🤖 AI Summary
To address the challenge of fine-tuning large language models under memory constraints, this paper proposes a dynamic sparse fine-tuning method. Observing that layer importance is architecture-dependent and estimable a priori, the method introduces a dynamic random channel selection mechanism: channels are stochastically resampled across epochs within pre-identified critical layers, while activations and weight gradients are jointly sparsified. Crucially, it requires no additional parameters or architectural modifications, substantially reducing memory and computational overhead. Experiments across diverse downstream tasks and mainstream architectures demonstrate state-of-the-art performance.
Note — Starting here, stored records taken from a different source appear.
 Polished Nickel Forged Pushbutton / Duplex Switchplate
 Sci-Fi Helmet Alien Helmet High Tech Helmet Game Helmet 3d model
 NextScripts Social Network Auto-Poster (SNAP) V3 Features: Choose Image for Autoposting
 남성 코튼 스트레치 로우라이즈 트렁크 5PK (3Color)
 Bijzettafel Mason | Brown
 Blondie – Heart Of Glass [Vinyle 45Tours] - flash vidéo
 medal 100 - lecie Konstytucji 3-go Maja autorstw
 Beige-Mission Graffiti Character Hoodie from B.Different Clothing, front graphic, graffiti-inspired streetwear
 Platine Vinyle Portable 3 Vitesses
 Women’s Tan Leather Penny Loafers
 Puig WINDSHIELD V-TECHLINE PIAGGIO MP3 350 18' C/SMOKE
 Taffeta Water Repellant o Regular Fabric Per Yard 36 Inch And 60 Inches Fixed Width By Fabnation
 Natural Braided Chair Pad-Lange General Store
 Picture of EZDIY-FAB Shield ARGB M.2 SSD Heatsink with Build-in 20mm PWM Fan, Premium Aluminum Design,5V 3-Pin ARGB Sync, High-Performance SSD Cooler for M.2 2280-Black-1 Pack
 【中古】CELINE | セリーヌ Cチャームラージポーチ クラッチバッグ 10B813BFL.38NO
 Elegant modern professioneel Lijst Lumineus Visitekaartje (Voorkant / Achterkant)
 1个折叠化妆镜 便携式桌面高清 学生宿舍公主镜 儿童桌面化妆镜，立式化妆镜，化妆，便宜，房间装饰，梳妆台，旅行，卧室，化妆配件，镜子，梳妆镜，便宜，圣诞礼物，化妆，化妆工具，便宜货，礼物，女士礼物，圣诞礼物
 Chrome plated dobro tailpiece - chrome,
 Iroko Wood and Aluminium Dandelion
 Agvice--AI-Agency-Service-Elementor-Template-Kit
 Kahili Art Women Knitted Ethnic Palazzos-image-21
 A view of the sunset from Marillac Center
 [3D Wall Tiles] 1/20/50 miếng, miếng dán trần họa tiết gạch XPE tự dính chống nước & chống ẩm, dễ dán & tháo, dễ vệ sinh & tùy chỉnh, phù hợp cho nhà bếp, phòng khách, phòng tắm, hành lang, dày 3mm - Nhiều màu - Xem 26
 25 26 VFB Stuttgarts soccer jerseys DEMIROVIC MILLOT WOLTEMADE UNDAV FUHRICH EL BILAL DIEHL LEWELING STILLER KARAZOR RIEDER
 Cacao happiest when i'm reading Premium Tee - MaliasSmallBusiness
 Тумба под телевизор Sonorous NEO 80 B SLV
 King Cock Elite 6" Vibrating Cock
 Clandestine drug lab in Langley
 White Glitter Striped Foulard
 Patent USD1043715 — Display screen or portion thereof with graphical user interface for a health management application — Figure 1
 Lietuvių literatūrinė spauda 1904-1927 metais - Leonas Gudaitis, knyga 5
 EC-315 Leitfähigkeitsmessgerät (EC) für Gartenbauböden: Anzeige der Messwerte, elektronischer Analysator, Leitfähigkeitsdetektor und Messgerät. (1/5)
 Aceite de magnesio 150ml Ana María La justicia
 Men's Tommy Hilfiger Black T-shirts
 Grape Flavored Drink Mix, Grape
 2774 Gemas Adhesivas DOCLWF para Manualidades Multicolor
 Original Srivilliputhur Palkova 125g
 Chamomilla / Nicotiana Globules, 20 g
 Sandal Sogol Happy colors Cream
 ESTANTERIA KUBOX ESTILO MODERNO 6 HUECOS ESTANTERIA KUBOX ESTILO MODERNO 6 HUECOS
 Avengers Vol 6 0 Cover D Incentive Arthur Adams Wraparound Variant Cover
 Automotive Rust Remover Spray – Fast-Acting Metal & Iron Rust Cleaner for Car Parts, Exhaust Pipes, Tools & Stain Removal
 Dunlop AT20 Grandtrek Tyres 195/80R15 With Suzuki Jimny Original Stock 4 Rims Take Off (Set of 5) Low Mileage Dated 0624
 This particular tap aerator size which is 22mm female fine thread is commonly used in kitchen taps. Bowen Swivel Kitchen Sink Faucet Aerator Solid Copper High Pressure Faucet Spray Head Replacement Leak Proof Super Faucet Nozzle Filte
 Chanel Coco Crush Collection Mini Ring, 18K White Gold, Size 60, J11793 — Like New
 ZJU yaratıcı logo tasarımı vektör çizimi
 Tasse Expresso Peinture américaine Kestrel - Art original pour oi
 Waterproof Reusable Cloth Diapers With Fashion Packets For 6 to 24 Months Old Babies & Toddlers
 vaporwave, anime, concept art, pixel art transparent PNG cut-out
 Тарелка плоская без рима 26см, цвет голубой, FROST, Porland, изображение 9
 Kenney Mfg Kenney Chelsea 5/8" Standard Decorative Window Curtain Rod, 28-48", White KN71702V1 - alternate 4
The approach achieves up to 99% activation sparsity, 95% weight gradient sparsity, and a 97% reduction in gradient-computation FLOPs—delivering exceptional efficiency without compromising accuracy.
📝 Abstract
Memory-efficient training of deep neural networks has become increasingly important as models grow larger while deployment environments impose strict resource constraints. We propose TraDy, a novel transfer learning scheme leveraging two key insights: layer importance for updates is architecture-dependent and determinable a priori, while dynamic stochastic channel selection provides superior gradient approximation compared to static approaches. We introduce a dynamic channel selection approach that stochastically resamples channels between epochs within preselected layers. Extensive experiments demonstrate TraDy achieves state-of-the-art performance across various downstream tasks and architectures while maintaining strict memory constraints, achieving up to 99% activation sparsity, 95% weight derivative sparsity, and 97% reduction in FLOPs for weight derivative computation.